For that matter, do any other countries in the Twilight War have such ships (or their version thereof) in service (again, whether they got sunk or not during the War)?
I always figured that at least one, and probably 2-3 of the Iowa class were recommissioned during the Twilight War. The other one or two would have been kept for spare parts to keep the others running. I really don't think the tourist BBs (North Carolina, Alabama, Massachusetts) would be considered worth the effort, except as more parts storage or training. The Texas, certainly not! Post 1999, if these are still afloat and given power and fuel sometime, they would make great accommodation hulks for a thousand or so souls.

Ditto for the heavy cruisers of the Des Moines class. Three were active in Vietnam, Newport News was scrapped in 1993, but the other two were still in mothballs. I think I saw them in Philadelphia Navy Yard in 1994?


No, I don't think there were any other battleships existing in the 1990s.
{Scan of wikipedia}
Soviets: scrapped all of theirs between 1947 and 1956, it seems. They did keep 13 of the Sverdlov-class cruisers with 6" guns through the late '80s, but all were gone by 1991 IRL. It's believed that they were kept around in the faint hope that once the American carriers and subs had been defeated, there could still be a role for an all-gun ship. Maybe if the USSR is still breathing in 1992, these would have been saved? Exception: the Kutuzov, now a museum ship in Novorossysk. There's a candidate for a late-war revival in the Black Sea Fleet?
Germany, Japan: all their BBs were gone by 1946. About half of Italy's made it into the 1950s.
France scrapped their last two in 1966 and 1970.
The Royal Navy cut up the Vanguard in 1960.
The Turkish Yavuz Sultan Selim, more famous as the SMS Goeben, made it to 1973.
Argentina, Brazil and Chile each had a very few BBs, all were gone by 1960.
Spain lost its last two in its civil war.

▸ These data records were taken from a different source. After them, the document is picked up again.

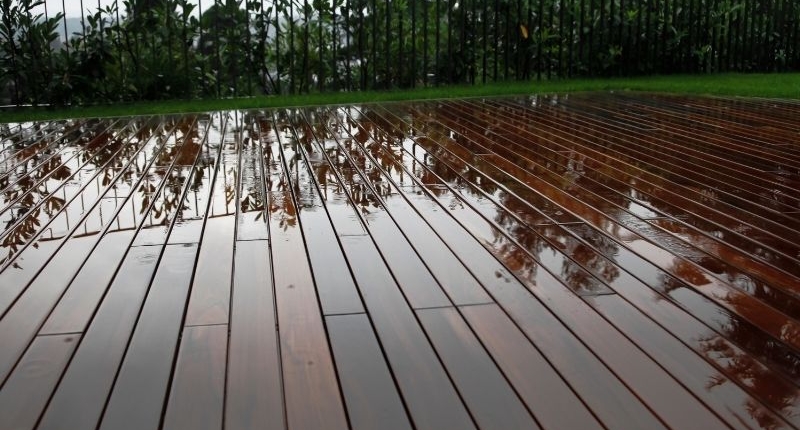 How To Create A Summer-Ready Patio - a clean wet wooden patio recently washed.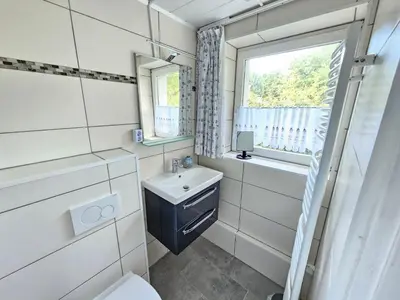 Ein Badezimmer in der Unterkunft Haus Hachtmann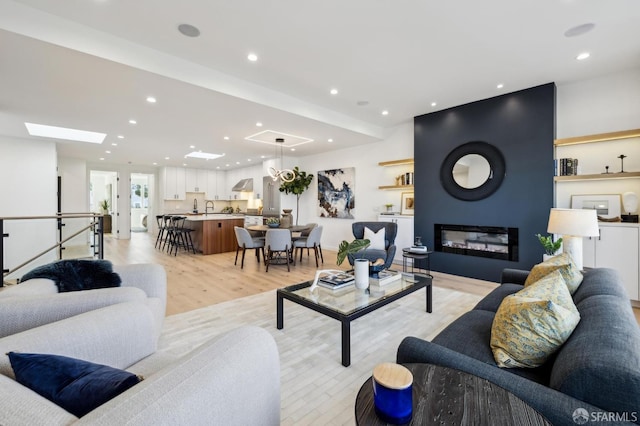 living room featuring light hardwood / wood-style floors, sink, and a skylight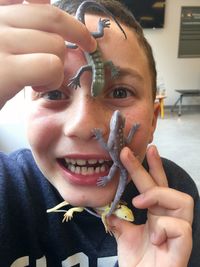 Close-up portrait of smiling boy holding toy lizards at home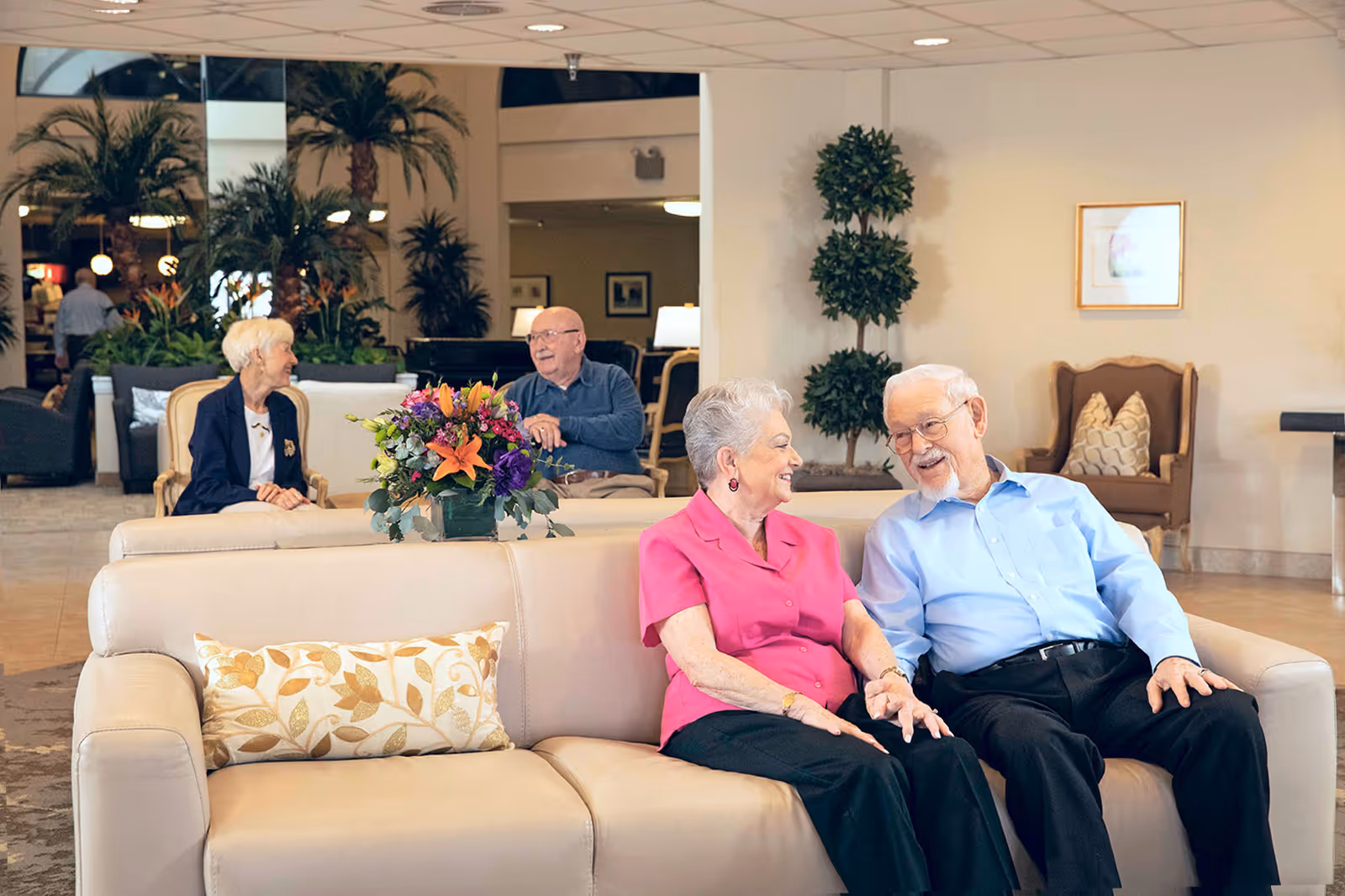 Senior residents sitting and chatting on sofas in a bright lounge area with plants and a floral centerpiece.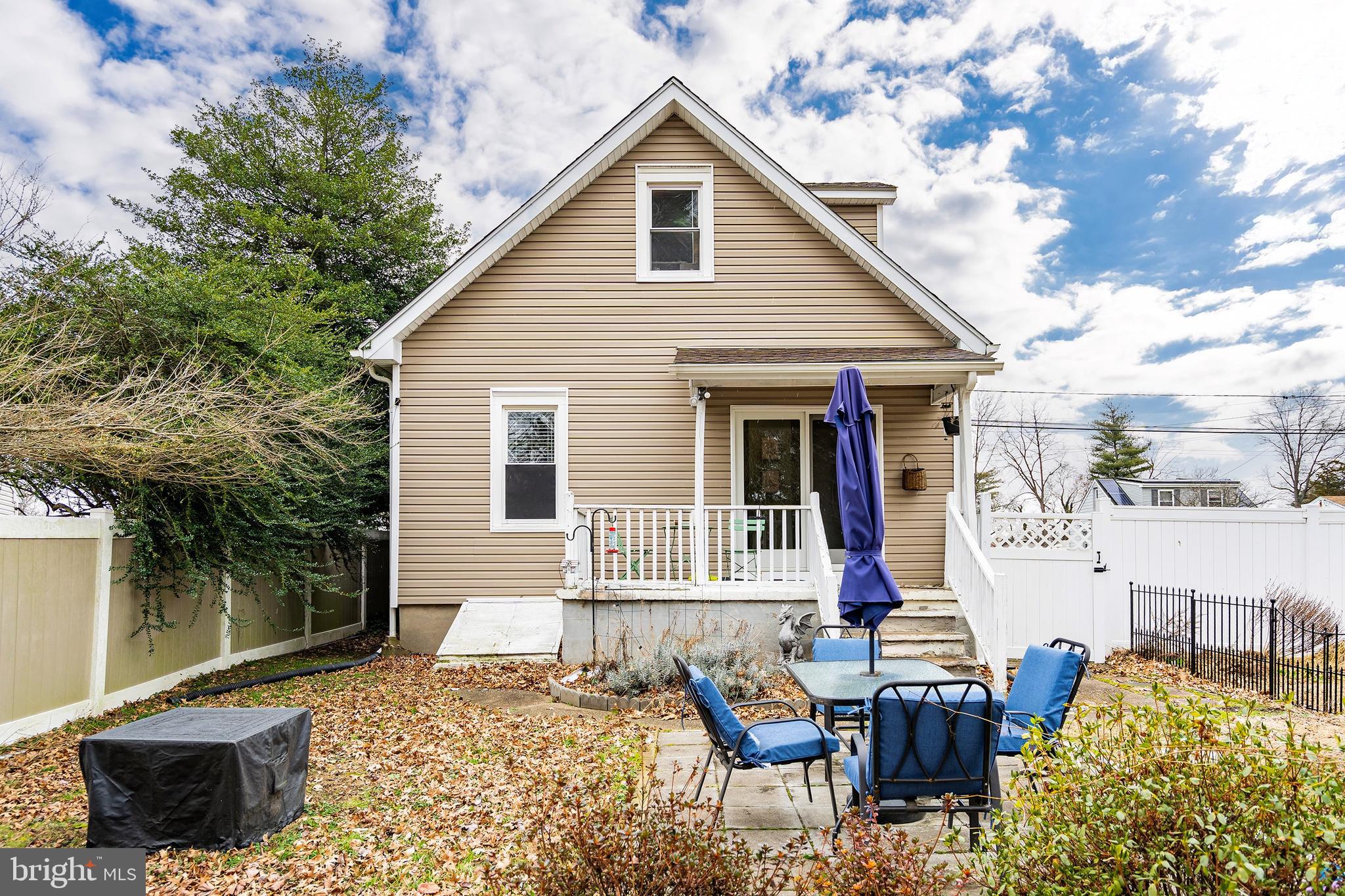 174 Crest Avenue Hamilton, NJ 08690 - Photo 24 of 29 a view of backyard of house with wooden chairs and floor to ceiling window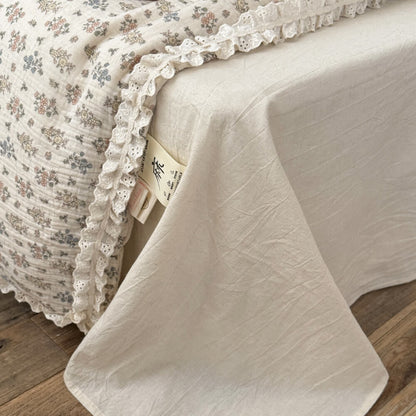 A detailed close-up shot of a rustic pillow with tiny floral patterns and sweet eyelet lace ruffle trim.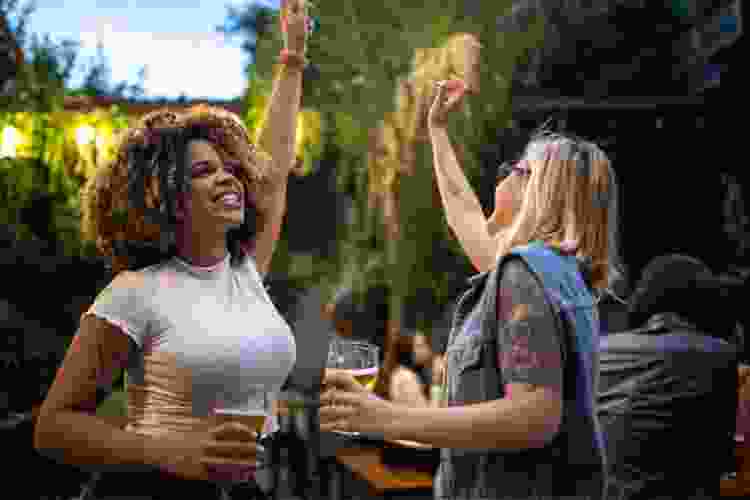 two women drinking beer at outdoor brewery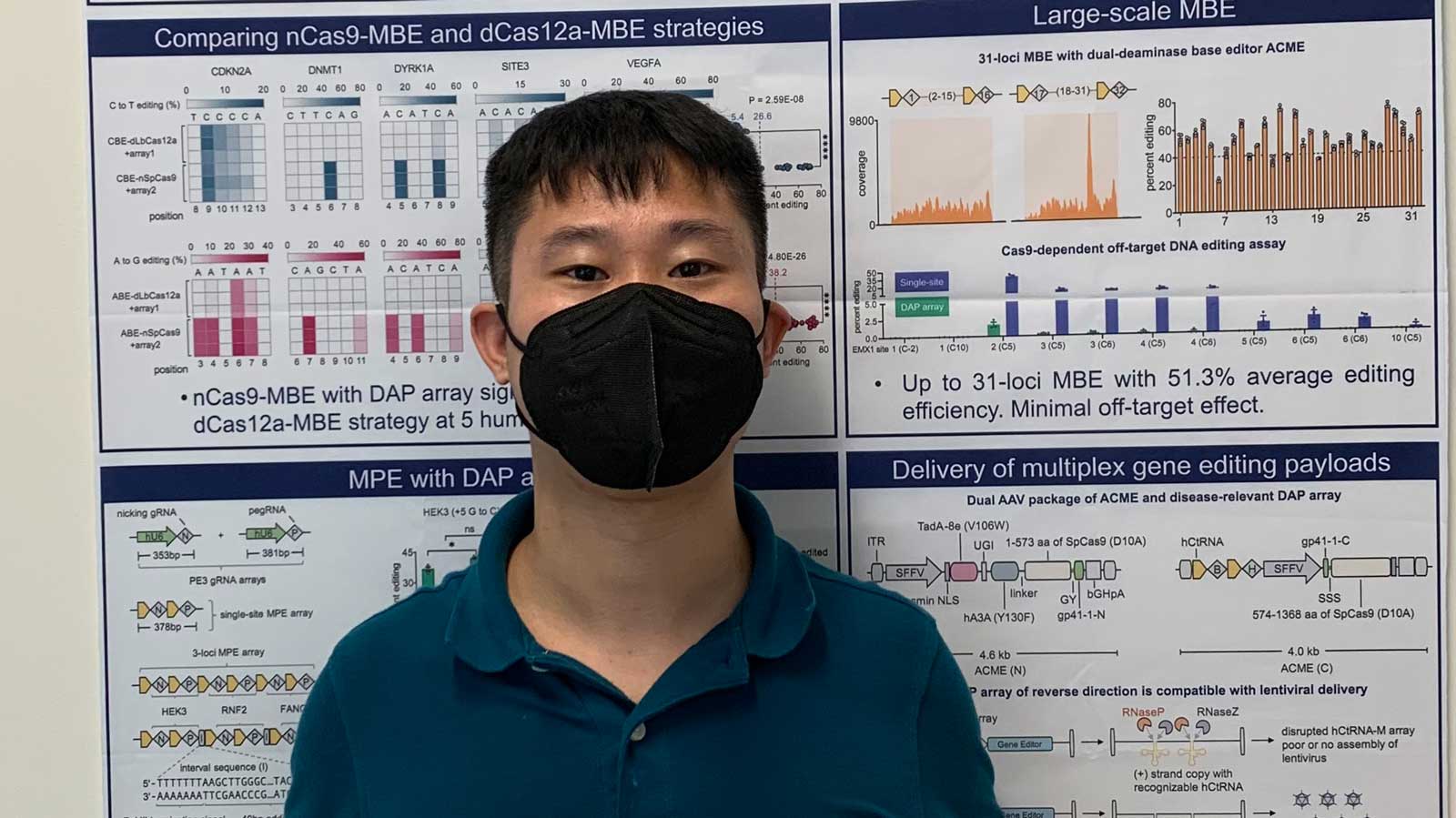 Qichen Yuan standing in front of poster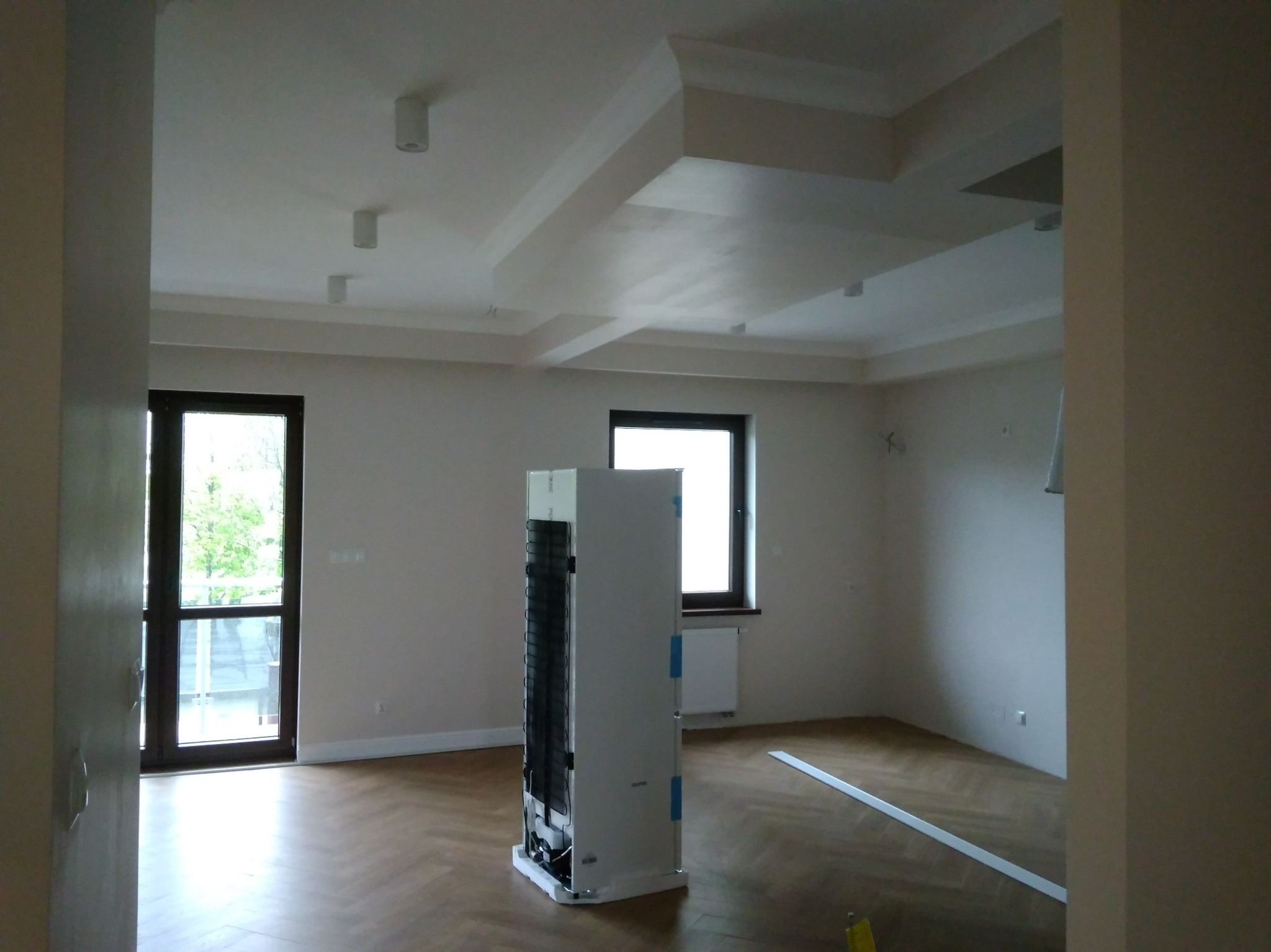 Jasne wnętrze po remoncie: parkiet w jodełkę, świeżo pomalowane ściany, ozdobny sufit z listwami. Widoczne okna i drzwi balkonowe. Na podłodze stoi niezapakowana lodówka.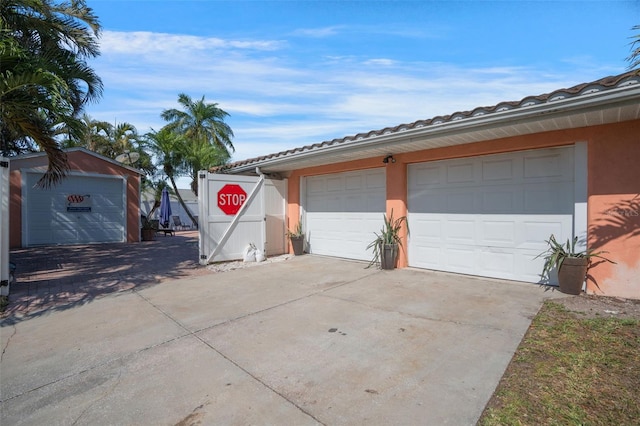 garage with concrete driveway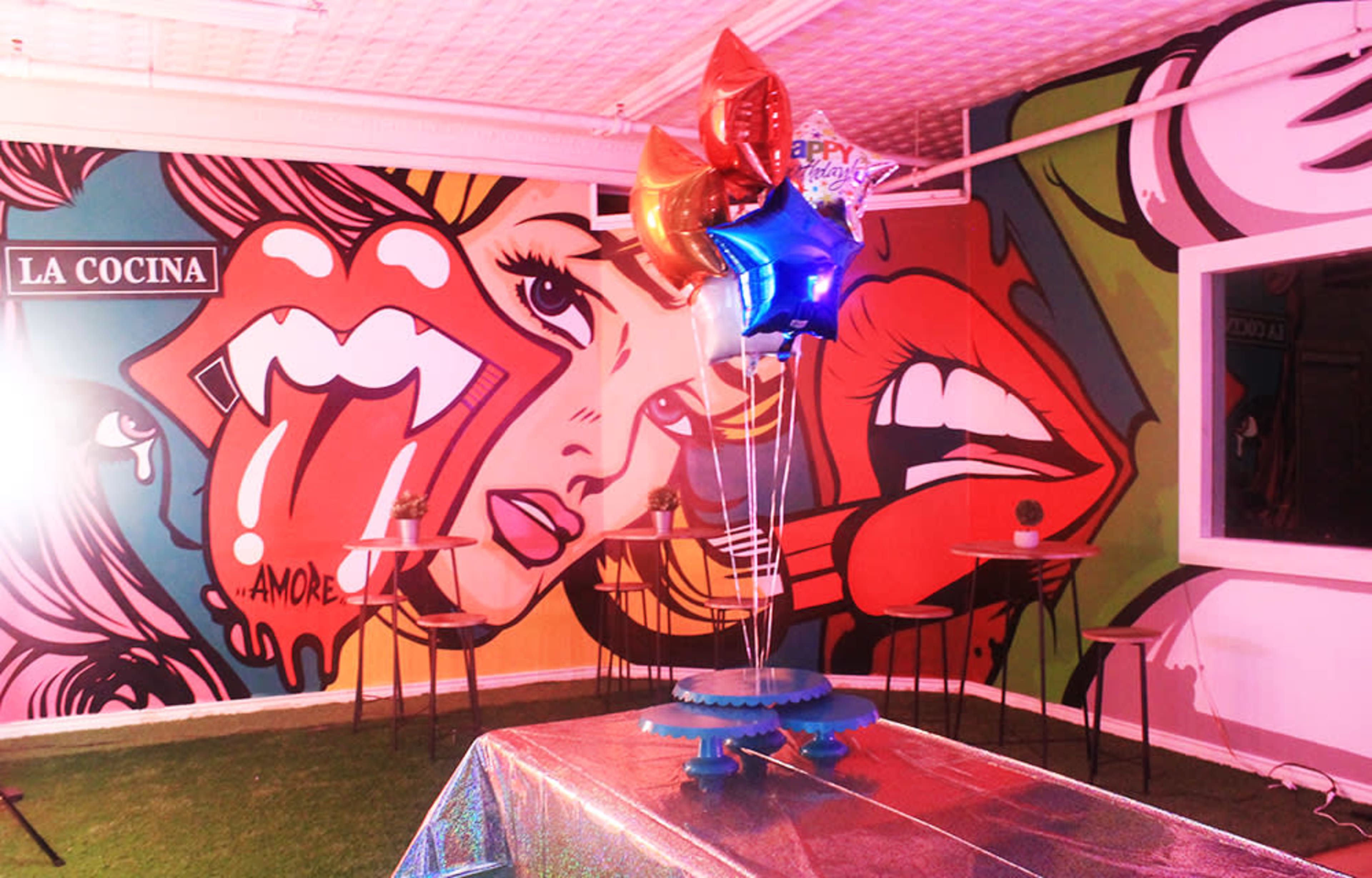 A colorful mural featuring stylized lips and a tongue adorns the wall of a room with a table decorated for a celebration, complete with balloons and a shiny tablecloth.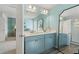 Double vanity bathroom with a large mirror and light blue cabinets at 413 Brooch Way, Stockbridge, GA 30281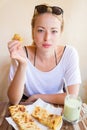 Woman eating traditional moroccan breakfast in coffee shop.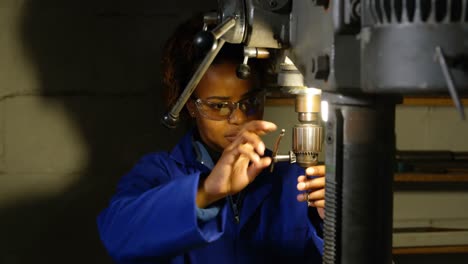 female worker working in glass factory 4k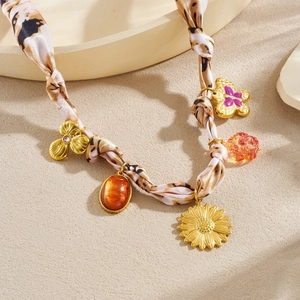 Fashionable leopard ribbon necklace with golden sunflower and butterfly charms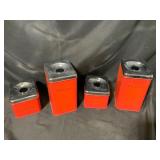 Four Red Metal Kitchen Canisters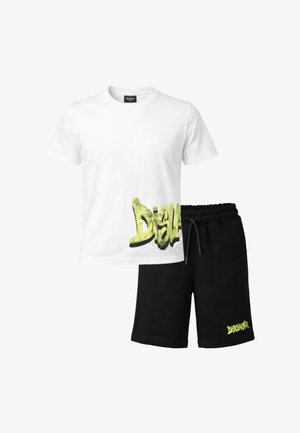 T-shirt bianca a maniche corte con testo giallo "Disclaimer" in stile graffiti vicino all'orlo, abbinata a pantaloncini neri con coulisse e piccolo logo giallo "Disclaimer".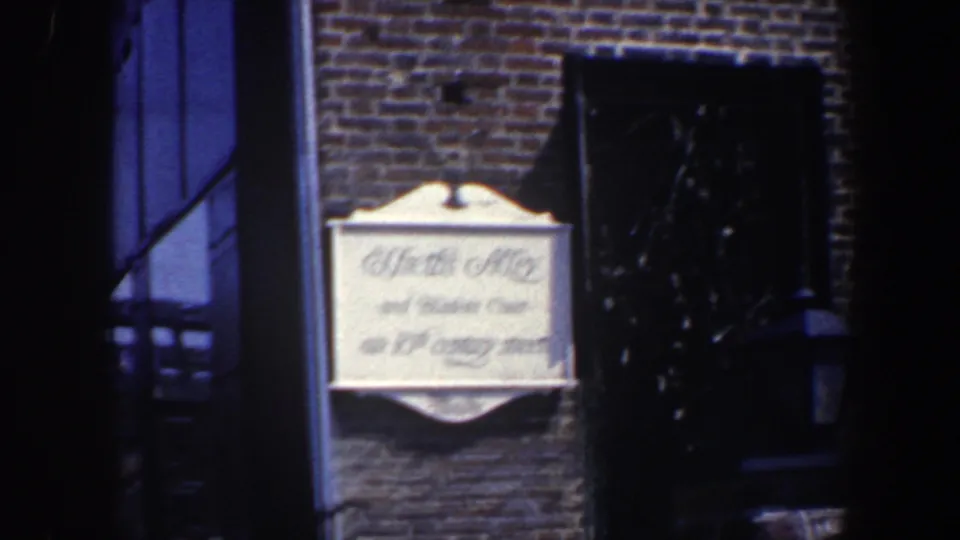 Home-movie view of the Smiths Alley and Belden Court sign on a Philadelphia brick facade in 1962.
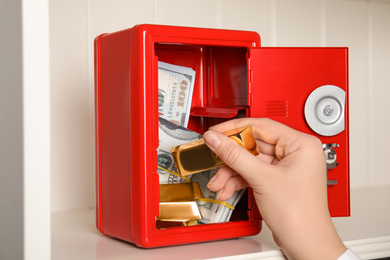 Photo of Woman putting gold bar into red steel safe, closeup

There are some other museum ships around, but I'd think those aren't worth the trouble, since I'd bet nearly all of them were decommissioned in the '50s, and most of them might be even older than WW2. Example: HMS Belfast, turned into a museum in 1978.

I think that's everyone?

I love battleships, can you tell?

Allow me to quote from the novel Ghostrider one, by Gerry Carroll (1993). "The battleships have all been mothballed again now and it doesn't seem the same anymore. When one sees a battleship steaming along, one is seeing Navy and all that that has meant through the centuries. There is no weapon on earth that will make a little tinpot dictator sit up and take notice like a battleship slowly cruising off his coast well out of pistola range with her guns trained on his presidential palace. It sort of gives him a little peek at his relative importance in the grand scheme of things. If that peek stops one firefight, however small, or saves one life, or ensures the fairness of one election, then the battleship has earned her keep."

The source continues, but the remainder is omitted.